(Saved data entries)

===

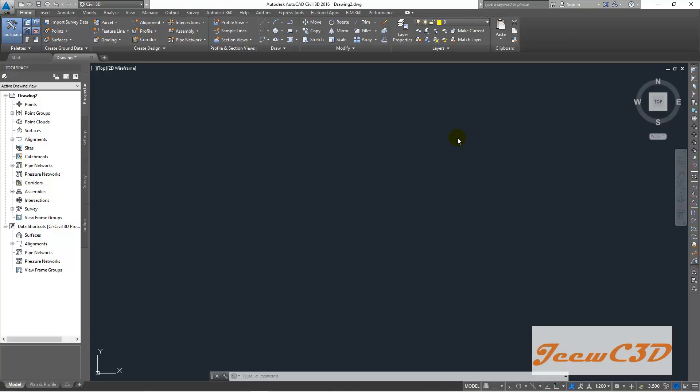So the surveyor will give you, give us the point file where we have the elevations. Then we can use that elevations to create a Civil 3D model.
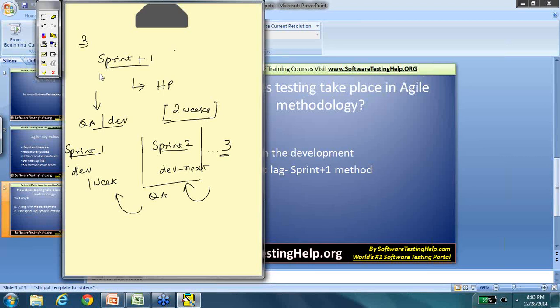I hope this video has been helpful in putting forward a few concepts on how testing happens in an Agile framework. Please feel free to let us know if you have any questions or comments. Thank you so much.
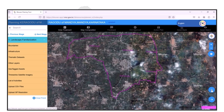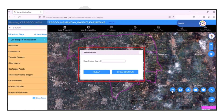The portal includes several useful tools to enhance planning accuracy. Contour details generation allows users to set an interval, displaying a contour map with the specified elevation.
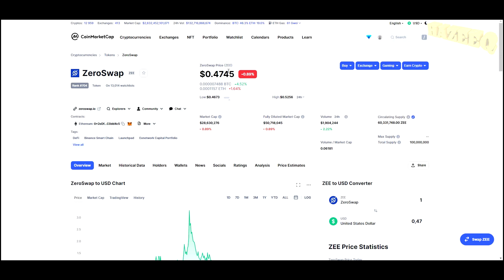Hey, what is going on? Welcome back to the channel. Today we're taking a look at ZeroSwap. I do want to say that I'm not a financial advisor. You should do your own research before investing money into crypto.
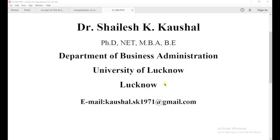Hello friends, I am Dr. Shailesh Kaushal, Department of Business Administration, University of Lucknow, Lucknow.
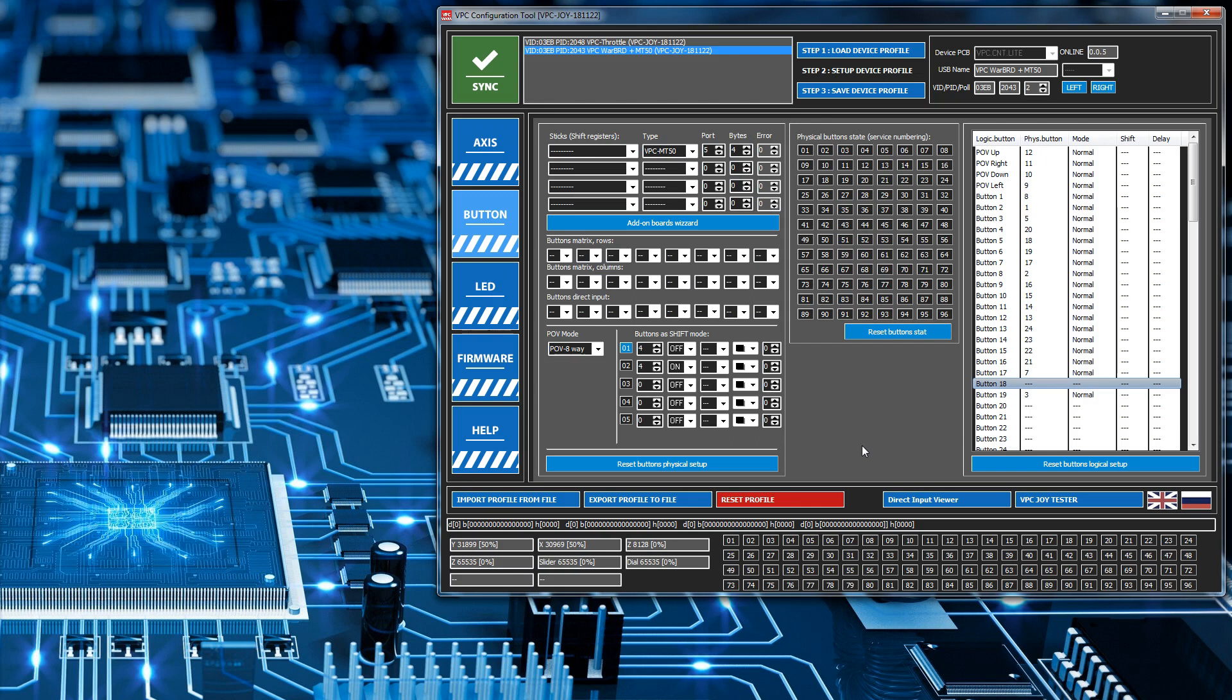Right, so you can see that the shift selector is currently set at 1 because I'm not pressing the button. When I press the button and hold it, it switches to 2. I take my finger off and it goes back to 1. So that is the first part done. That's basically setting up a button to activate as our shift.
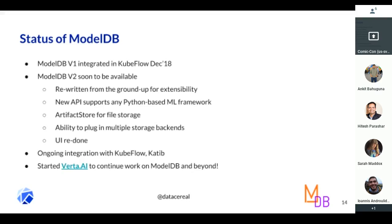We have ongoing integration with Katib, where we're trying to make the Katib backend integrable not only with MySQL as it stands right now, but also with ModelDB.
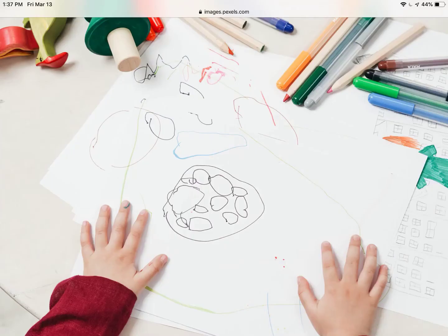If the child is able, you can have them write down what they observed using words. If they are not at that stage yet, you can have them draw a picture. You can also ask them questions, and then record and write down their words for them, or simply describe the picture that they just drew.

===

AIM OF THE TASK:
Could you please repeat the entries above exactly, with every picture left out?

TASK SOLUTION:
So the surveyor will give you, give us the point file where we have the elevations. Then we can use that elevations to create a Civil 3D model.
I hope this video has been helpful in putting forward a few concepts on how testing happens in an Agile framework. Please feel free to let us know if you have any questions or comments. Thank you so much.
The portal includes several useful tools to enhance planning accuracy. Contour details generation allows users to set an interval, displaying a contour map with the specified elevation.
Hey, what is going on? Welcome back to the channel. Today we're taking a look at ZeroSwap. I do want to say that I'm not a financial advisor. You should do your own research before investing money into crypto.
Hello friends, I am Dr. Shailesh Kaushal, Department of Business Administration, University of Lucknow, Lucknow.
Right, so you can see that the shift selector is currently set at 1 because I'm not pressing the button. When I press the button and hold it, it switches to 2. I take my finger off and it goes back to 1. So that is the first part done. That's basically setting up a button to activate as our shift.
We have ongoing integration with Katib, where we're trying to make the Katib backend integrable not only with MySQL as it stands right now, but also with ModelDB.
If the child is able, you can have them write down what they observed using words. If they are not at that stage yet, you can have them draw a picture. You can also ask them questions, and then record and write down their words for them, or simply describe the picture that they just drew.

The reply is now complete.